IMCO understood six years ago that the direct investing model in credit was not the most optimal path for the LP as it would never be quite as large as its Canadian peers. This is because IMCO’s client mandate is limited to the province of Ontario, Martinez said.
Instead of having a team that sources its own investments directly, the investor has an internal team that works on co-investments and underwrites private credit deals alongside managers. “We believe it is more efficient from a cost perspective and a sourcing perspective,” Martinez said.
This contrasts with some of Canada’s largest pension funds that have become famous for pioneering the ‘Canadian model’, in which they heavily rely on their own investment staff to directly source deals and manage investments. But a few of them are now reconsidering the cost of maintaining such programmes.
Last year, the government of Alberta fired AIMCo CEO Evan Siddall and the entire board of directors, citing concerns over cost trajectory, structure and poor performance. AIMCo also closed its New York office, which was used to source private credit deals, after evaluating its operational costs.
IMCO usually commits some capital to private credit managers’ commingled funds, then invests alongside that same GP in co-investment deals.

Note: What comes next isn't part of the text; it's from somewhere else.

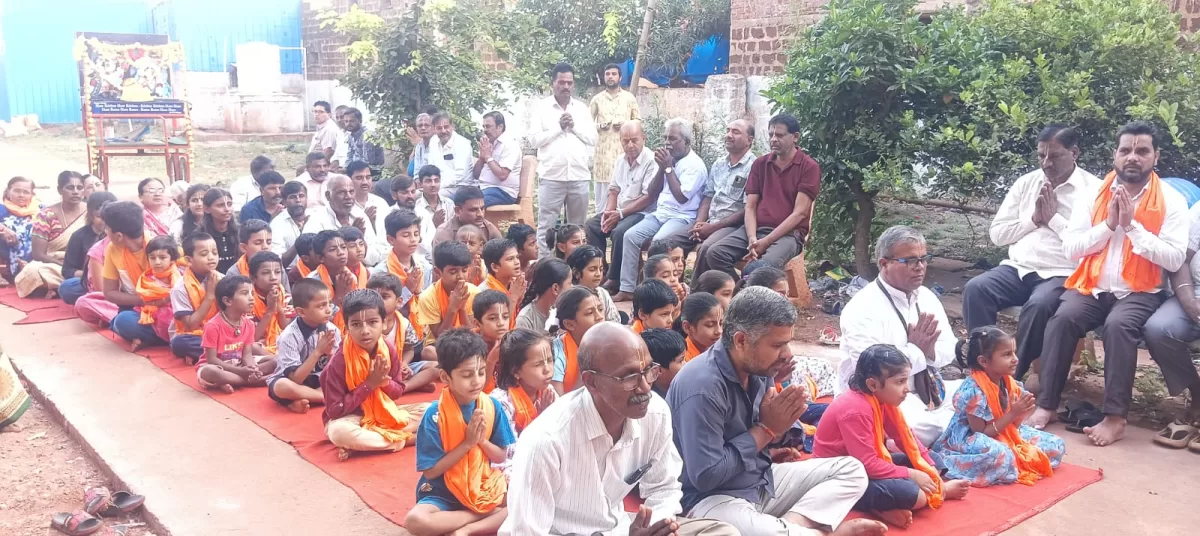 భగవద్గీత బోధనలు ఆచరించాలి ఆర్ఎంబి న్యూస్ ప్రతినిధి అక్టోబర్ 5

Most managers offer co-investment deals at low-to-no fees compared to traditional private funds, which charge both management and performance fees. This results in getting more direct private credit deal exposure at a lower cost.
If an investor does a good job underwriting the strategy and the funds that serve as a funnel for co-investment deals, then the hit rate for deals sourced via this method should be higher, Martinez said.